■ Work order: All lines from the one containing "Antique Gold Pure" through the end of the data below are to be repeated exactly, with pictures left out.

■ Records for the exercise:
________________________

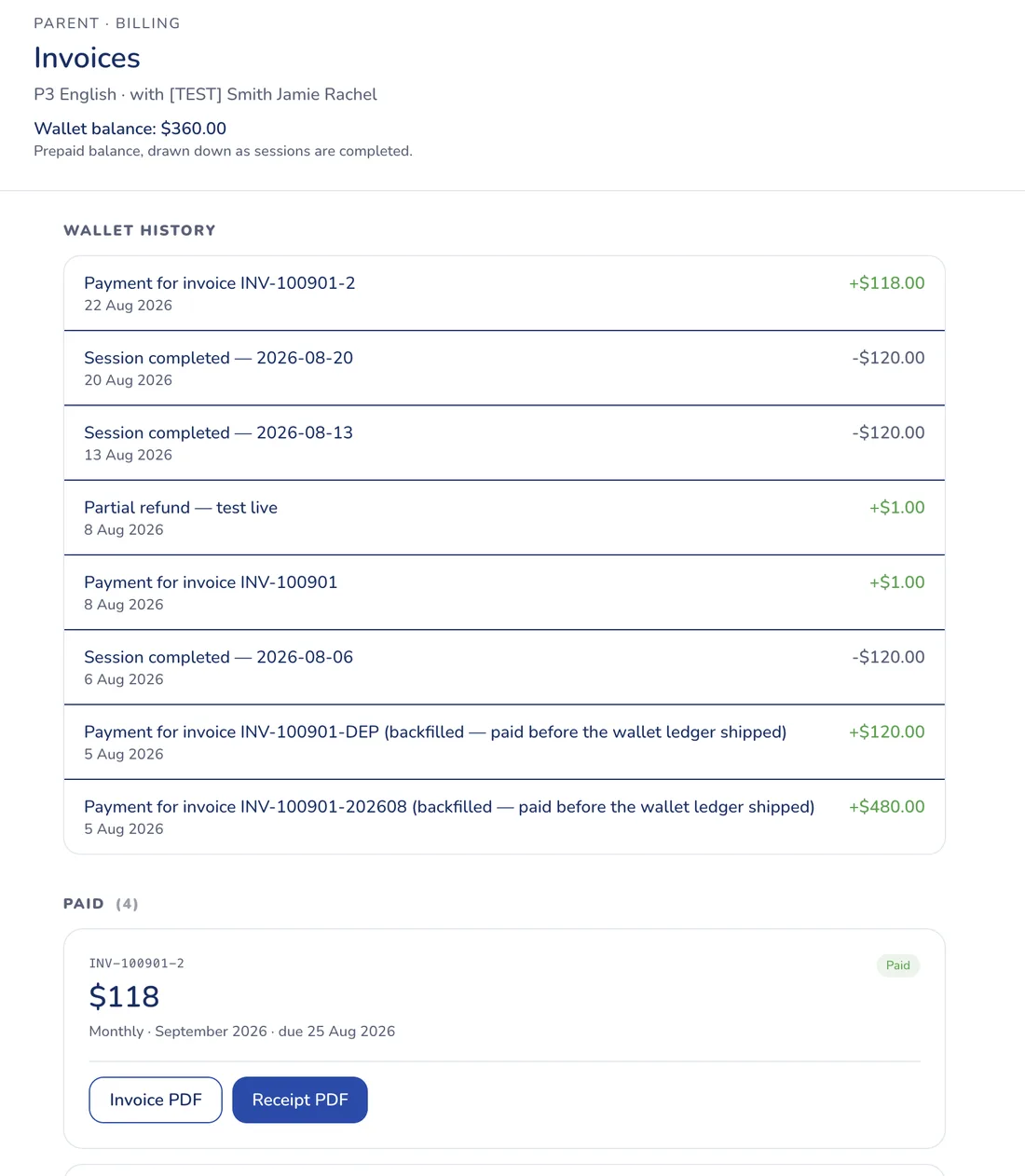 Parent invoices screen in the Special Minds app showing a prepaid wallet history, test account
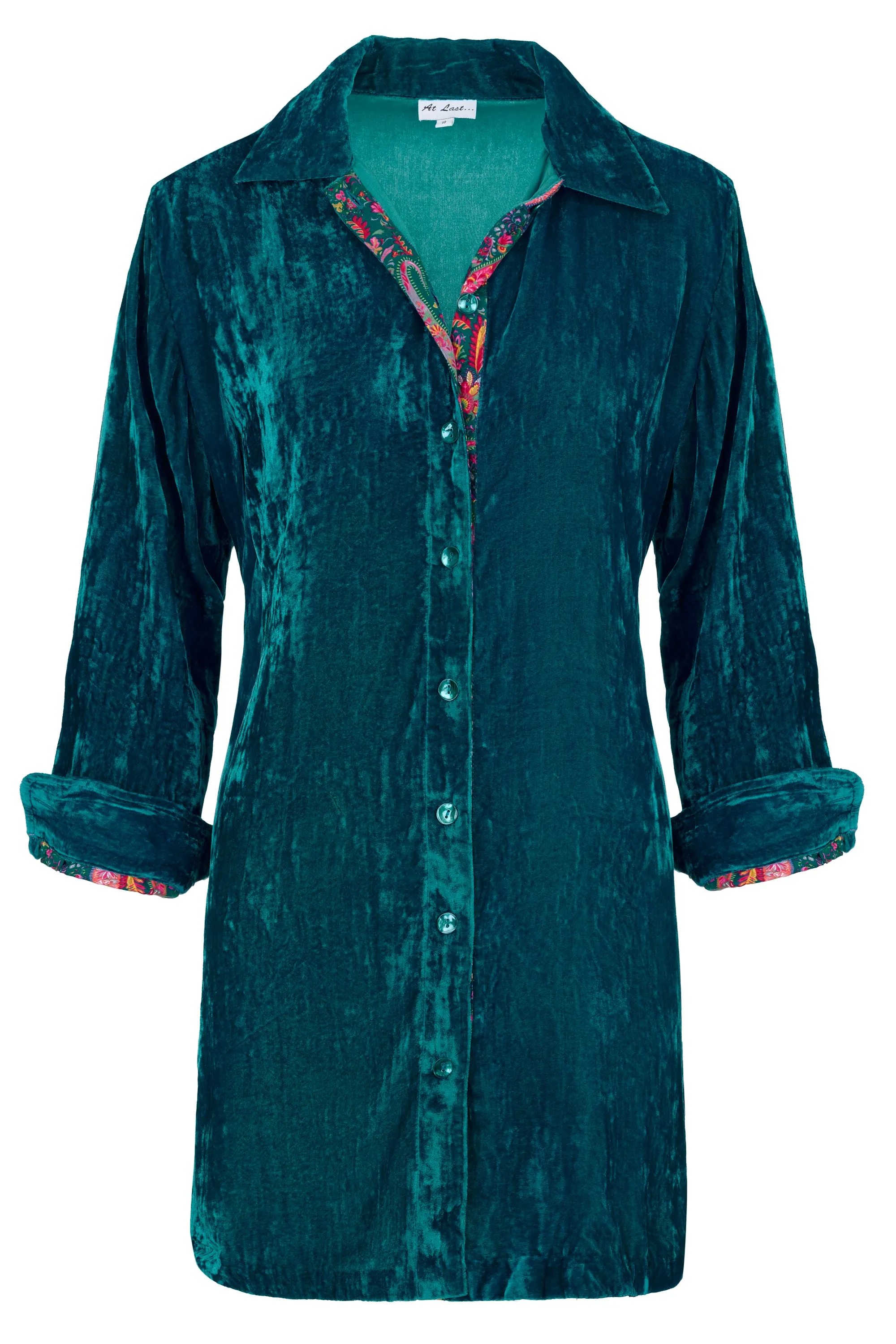 Amanda Silk Velvet Shirt In Peacock With Lined Cuff & Collar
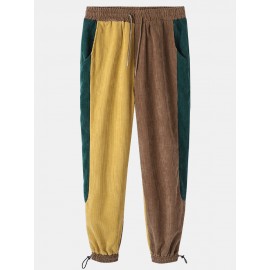 Mens Corduroy Tricolor Patchwork Pocket Drawstring Jogger Pants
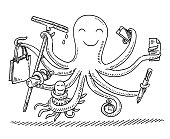 Hand-drawn vector drawing of a Cartoon Octopus Multitasking Concept. Black-and-White sketch on a transparent background (.eps-file). Included files are EPS (v10) and Hi-Res JPG.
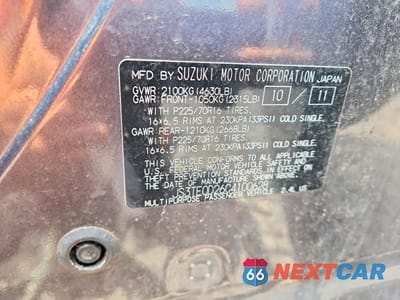 Zdjęcie 12 z 12 samochodu: 2012 SUZUKI GRAND VITARA PREMIUM VIN:JS3TE0D26C4100628 - miniatura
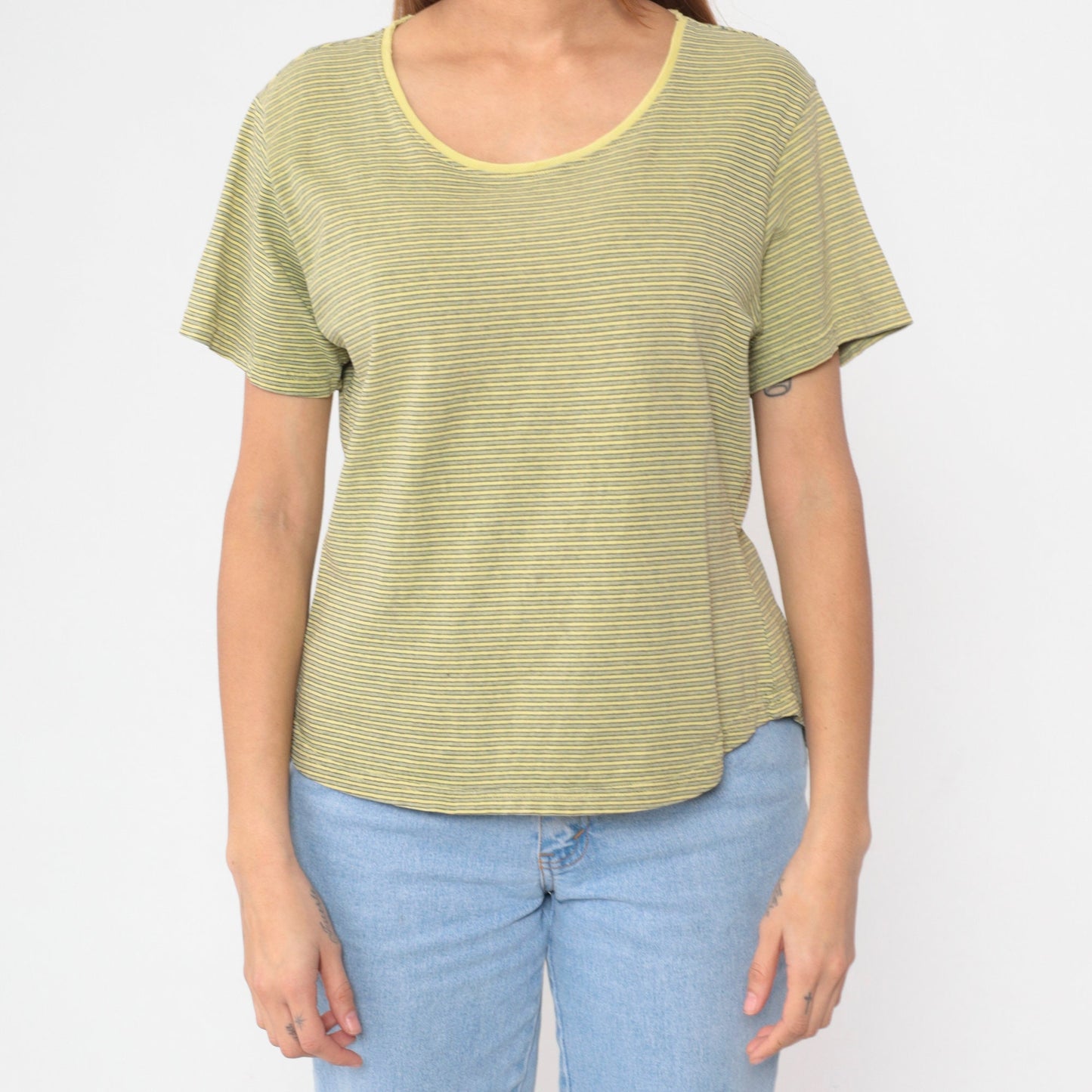 90s Gramicci Striped Yellow Scoop Neck T-Shirt Cotton Short Sleeve Large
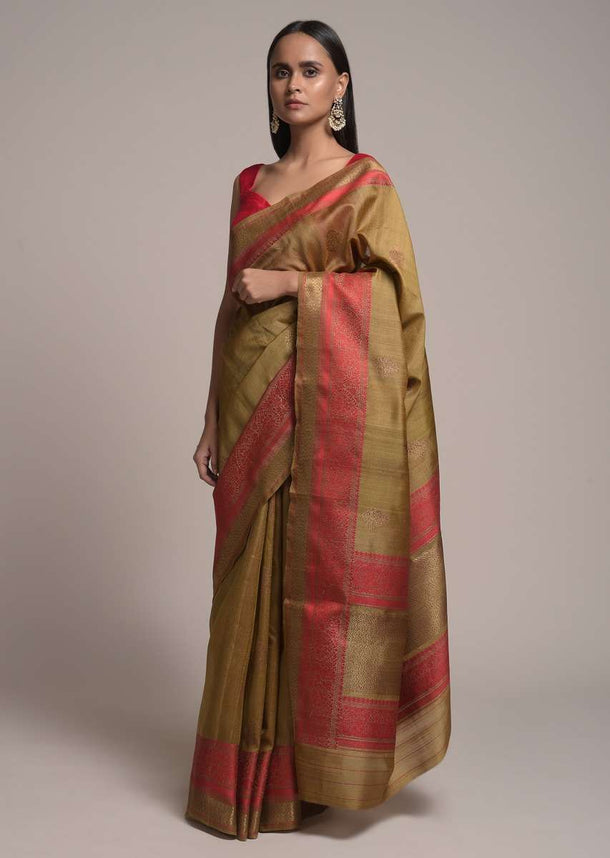 Antique Gold Pure Handloom Saree In Tussar Silk With Woven Red Border And Buttis Online - Kalki Fashion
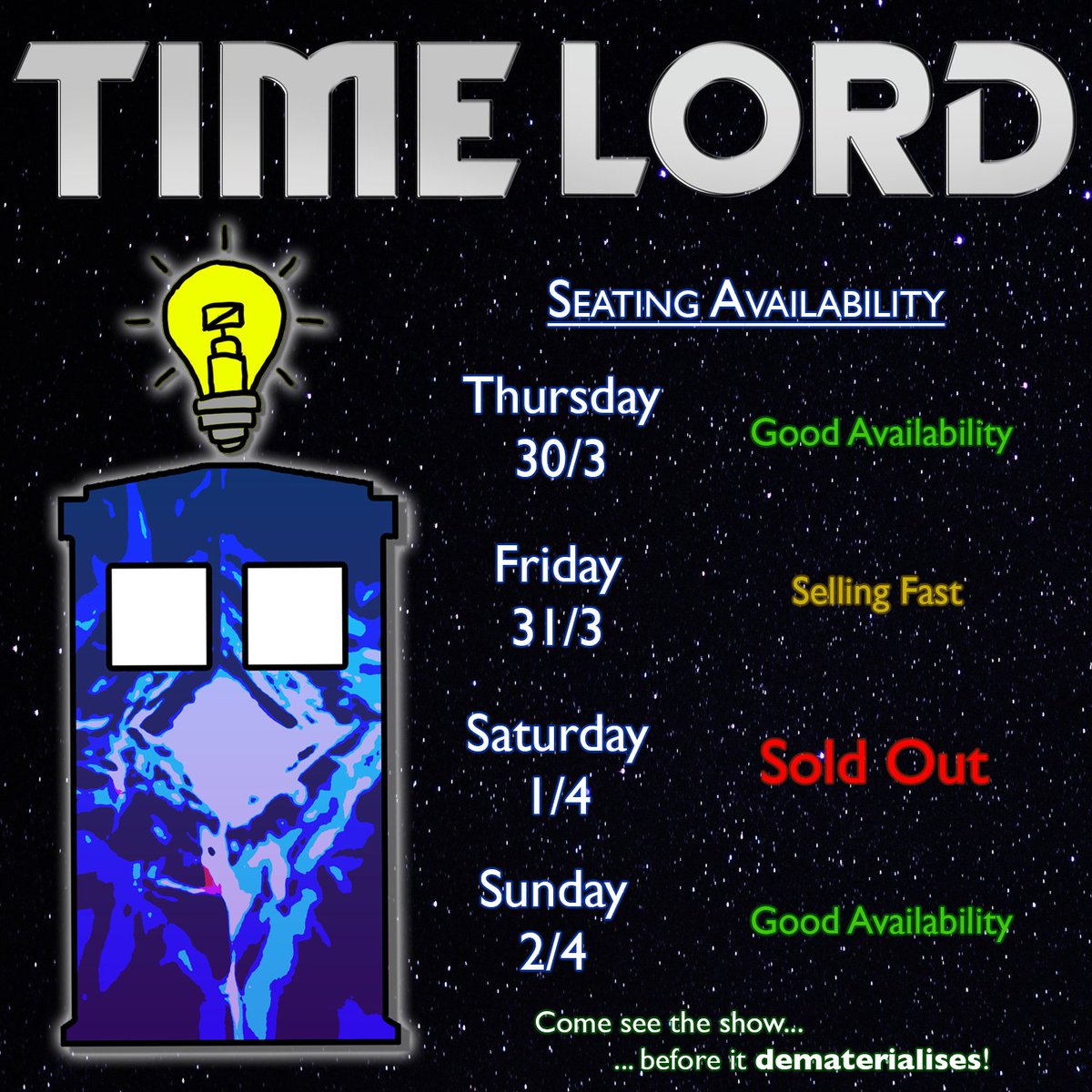 ONLY FOUR SHOWS LEFT!
Tickets are selling fast, so get in quick: thebutterflyclub.com/show/time-lord…

#inneslloydcomedy #improvisedtimelord 
#micf2023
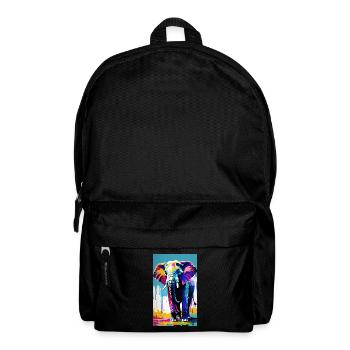 Éléphant | Animal sauvage | Afrique | Motifs pour enfants - Sac à dos - noir - Devant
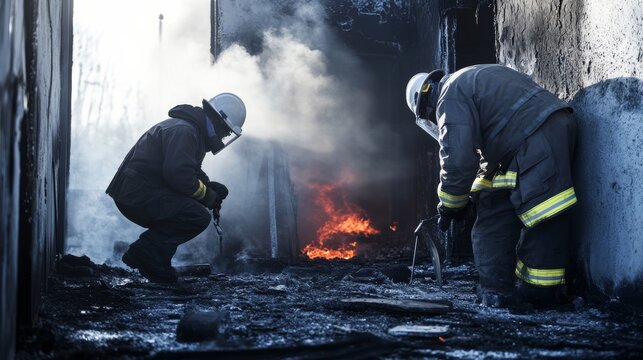 Criminal investigation at an arson scene. Featuring fire investigators examining the remains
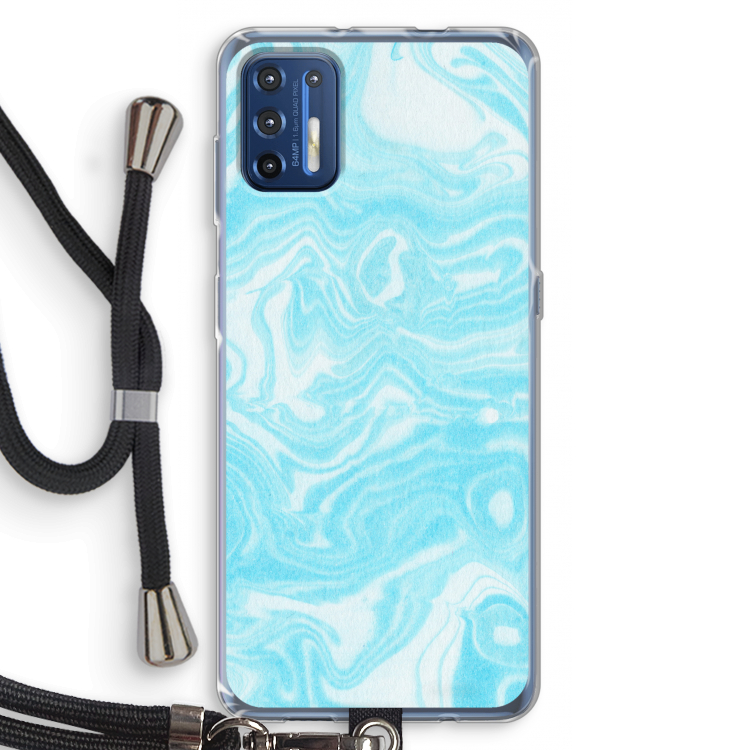 Waterverf blauw: Motorola Moto G9 Plus Transparant Hoesje met koord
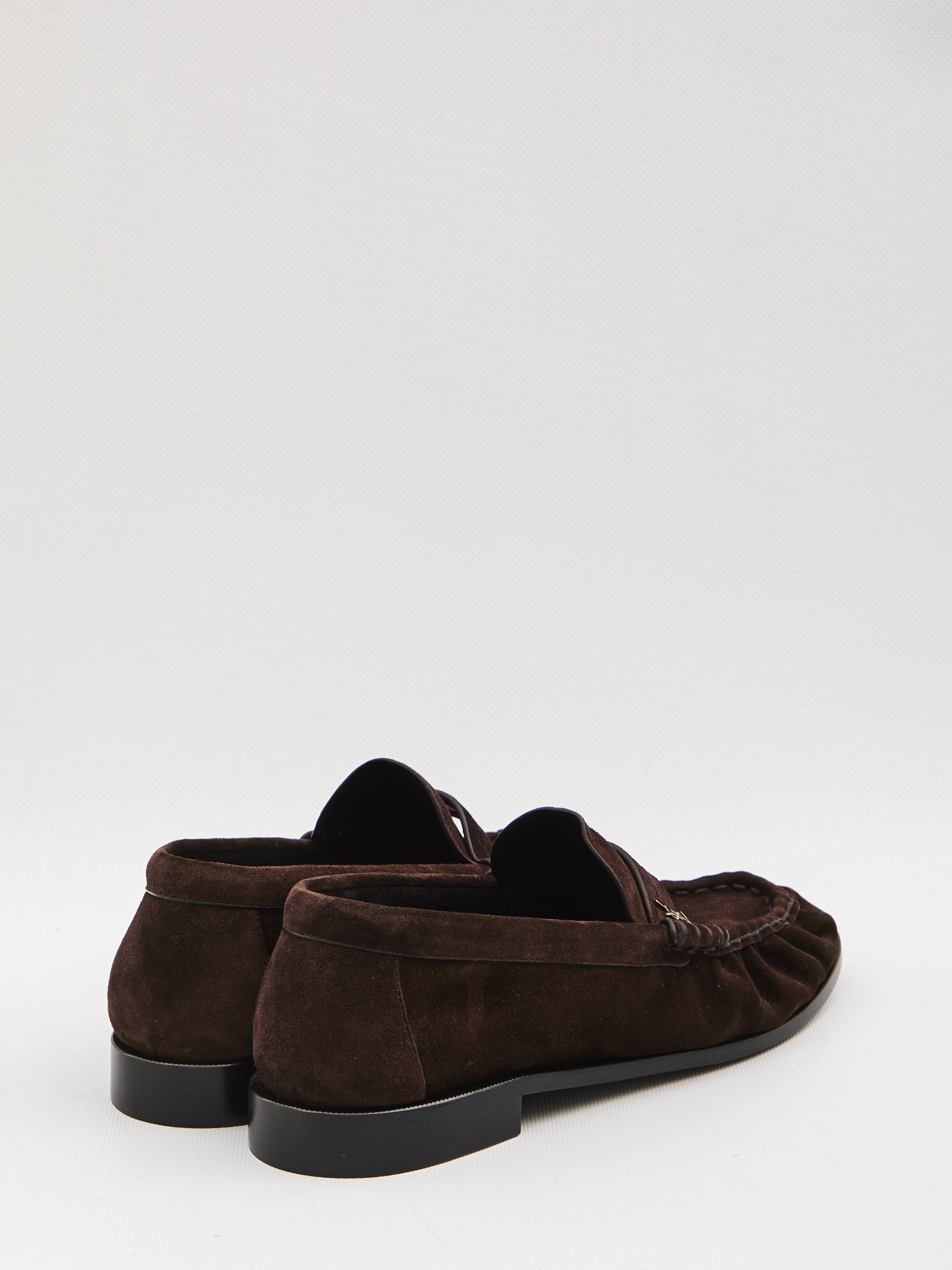 SAINT LAURENT Suede Loafers with Moc Toe - Women's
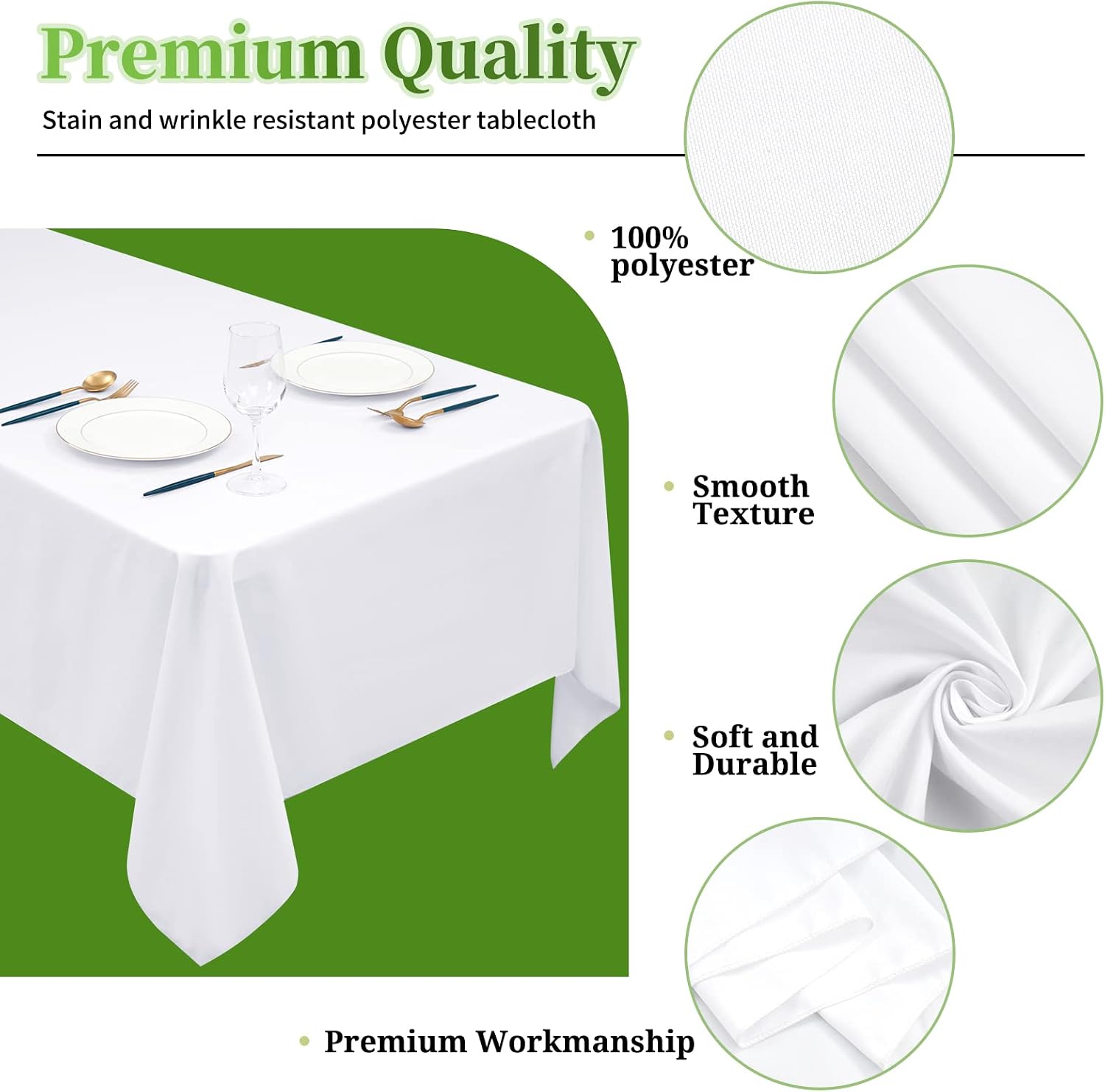 12 Pack White Tablecloths for Rectangle Tables Stain and Wrinkle Resistant Washable Polyester Tablecloth 90 x 156 Inch White Table Cloth Rectangle Table 8 Foot Rectangle Table Cloth for Wedding Party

________________________

■ Solution below:
 Antique Gold Pure Handloom Saree In Tussar Silk With Woven Red Border And Buttis Online - Kalki Fashion
 ONLY FOUR SHOWS LEFT!
Tickets are selling fast, so get in quick: thebutterflyclub.com/show/time-lord…

#inneslloydcomedy #improvisedtimelord 
#micf2023
 Éléphant | Animal sauvage | Afrique | Motifs pour enfants - Sac à dos - noir - Devant
 Criminal investigation at an arson scene. Featuring fire investigators examining the remains
 Waterverf blauw: Motorola Moto G9 Plus Transparant Hoesje met koord
 SAINT LAURENT Suede Loafers with Moc Toe - Women's
 12 Pack White Tablecloths for Rectangle Tables Stain and Wrinkle Resistant Washable Polyester Tablecloth 90 x 156 Inch White Table Cloth Rectangle Table 8 Foot Rectangle Table Cloth for Wedding Party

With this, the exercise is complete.